Le dynamique spatiale est l’expression même du rendez-vous amoureux puisque les verbes signifient la succession d’un mouvement centripète, d’une rencontre, et d’un mouvement centrifuge. La rencontre est bien une passe, au sens de passage, car l’évolution spatiale en est la préparation mais aussi la représentation. C’est aussi, le mot “ passe ” fonctionnant en syllepse, une relation sexuelle généralement vénale, but de la convergence. L’amante n’est jamais décrite, seule sa féminité est formulée dans l’accord de “ la première ”. Mais la relation érotique est signifiée par “ yeux ”, “ faveurs ”, “ baiser ”, “ conquête ”, “ convoiteurs ”, termes auxquels on peut rattacher “ flamme ” par sa relation de paronymie avec femme 619 . La salamandre finale est d’ailleurs l’emblème de l’ardeur amoureuse.
Cette rencontre, poétique par excellence, peut refléter celle qui s’effectue avec la poésie, qui a souvent des allures de femme dans l’oeuvre de René Char, et l’emploi du terme “ chef-d’œuvre ” en est un signe. La salamandre peut faire de cette œuvre l’image d’une réalisation plus énigmatique : elle est le composant symbolique d’une phase du processus alchimique qui vise la réalisation du grand-œuvre, image fréquente de la création poétique.

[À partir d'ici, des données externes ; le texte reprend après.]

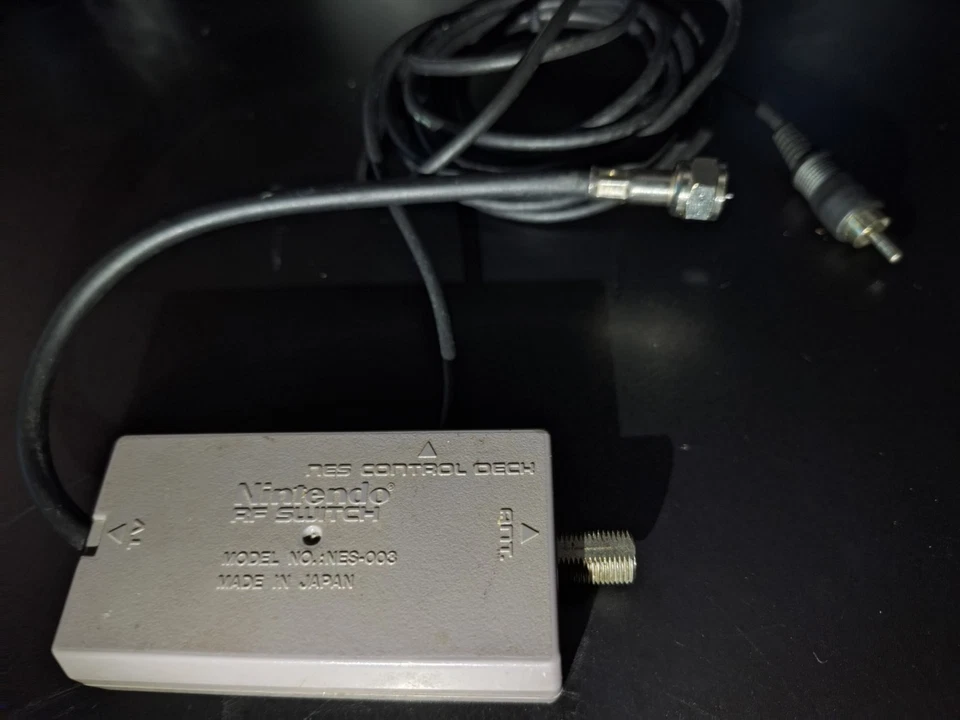 Nintendo NES RF AV Cable Adapter Switch (NES-003) - Image 2 of 3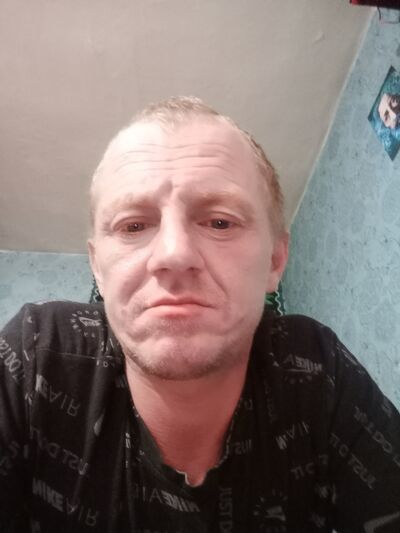  ,   Wiktor, 39 ,   ,   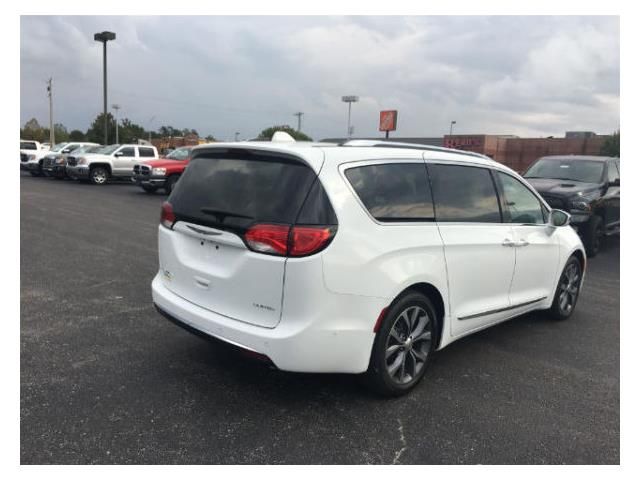 Chrysler Pacifica .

La rencontre, qu’elle soit érotique ou poétique, ne révèle l’essence de l’être qu’au futur, ou plutôt elle ne rend possible l’émergence finale des termes “ dauphine ” et “ salamandre ” qu’après avoir impliqué la personne dans une séquence réelle. Une dauphine est d’ailleurs celle qui précisément se définit comme un être en attente d’une position. Son identité intègre ce statut de prétendante. En poésie, la rencontre comme circonstance de l’émergence de l’être, impossible au présent, est rendue possible par l’emploi du futur.
Une semblable paronymie rapproche “ femme ” et “ famine ” dans “ Hommage et famine ” (Fureur et Mystère, O. C., p. 147).